Content starts

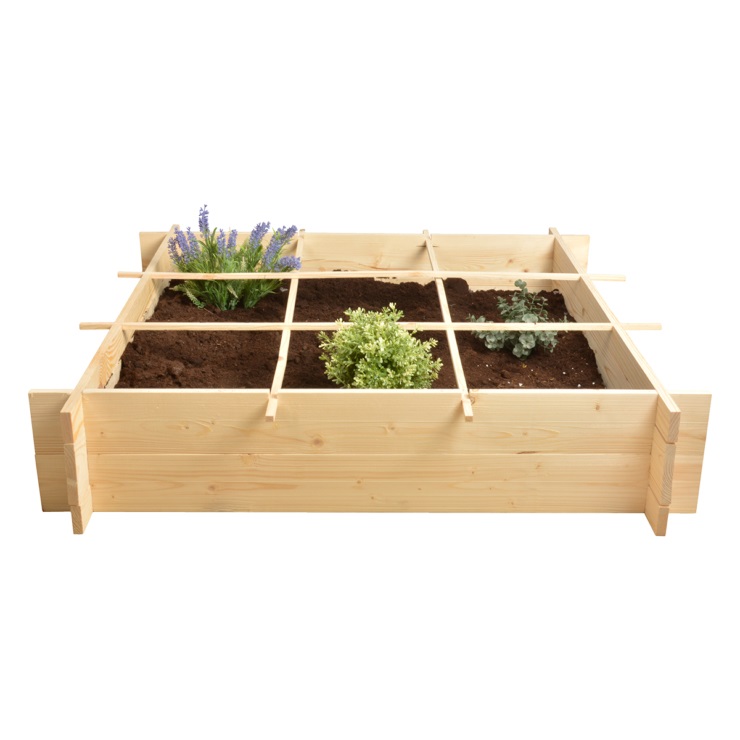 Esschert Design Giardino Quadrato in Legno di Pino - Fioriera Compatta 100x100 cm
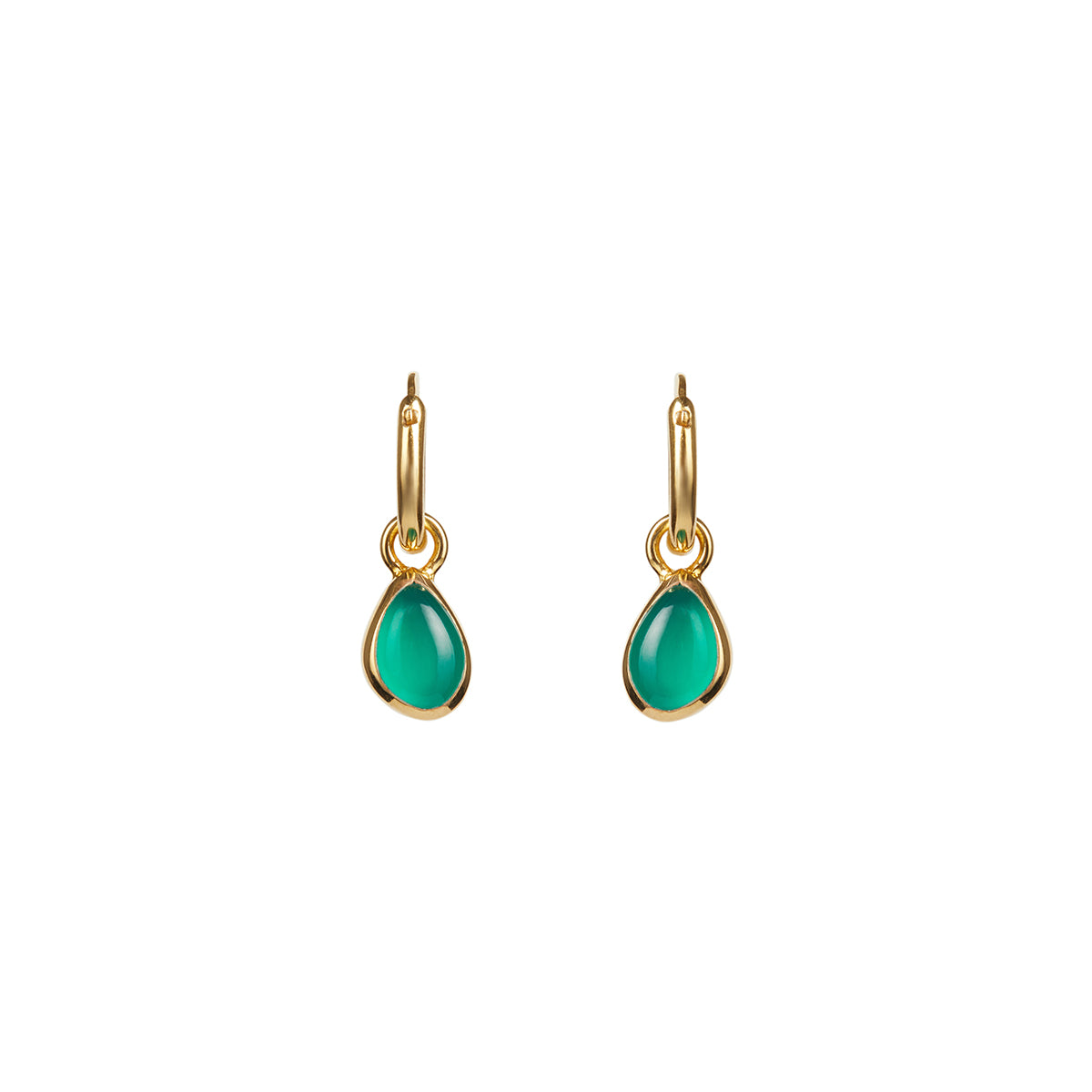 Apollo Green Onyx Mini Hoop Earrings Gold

Content ends
Content starts

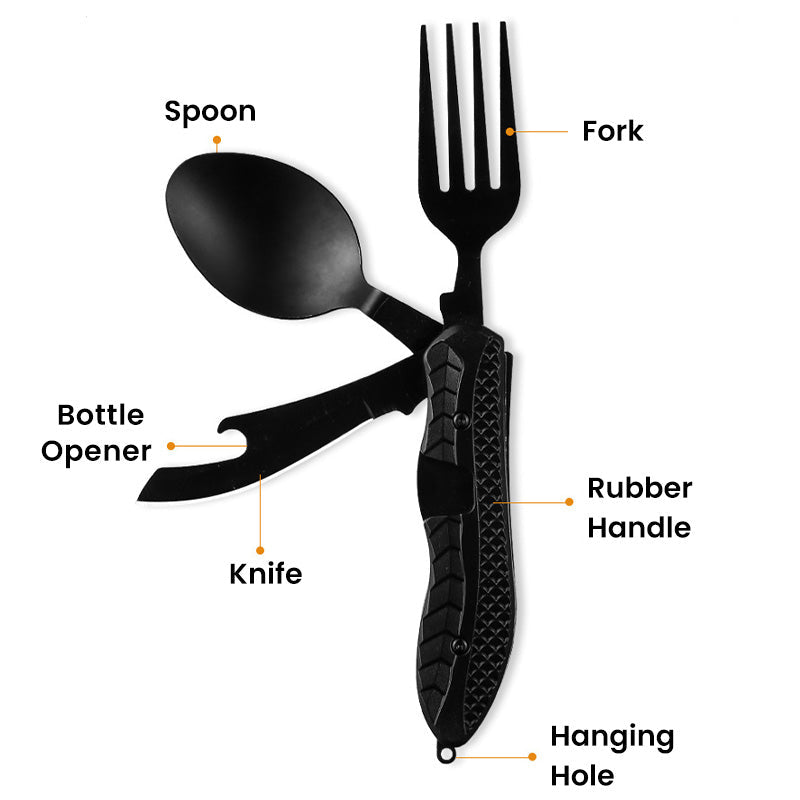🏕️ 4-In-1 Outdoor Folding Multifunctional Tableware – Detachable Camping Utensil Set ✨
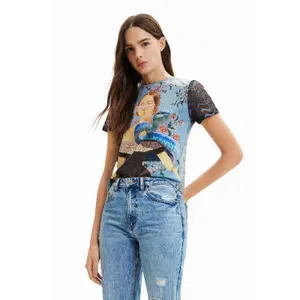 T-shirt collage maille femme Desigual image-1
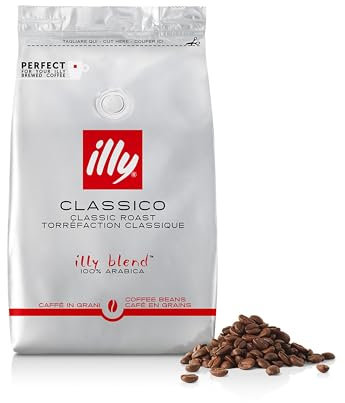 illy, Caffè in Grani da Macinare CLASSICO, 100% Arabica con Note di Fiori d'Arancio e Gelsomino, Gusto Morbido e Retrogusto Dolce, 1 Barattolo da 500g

Content ends

Goal of the exercise
"Esschert Design Giardino" marks the first line to copy, and "Apollo Green Onyx Mini Hoop Earrings Gold" marks the last. Repeat that stretch above exactly, with no pictures.

Task response
 Esschert Design Giardino Quadrato in Legno di Pino - Fioriera Compatta 100x100 cm
 Apollo Green Onyx Mini Hoop Earrings Gold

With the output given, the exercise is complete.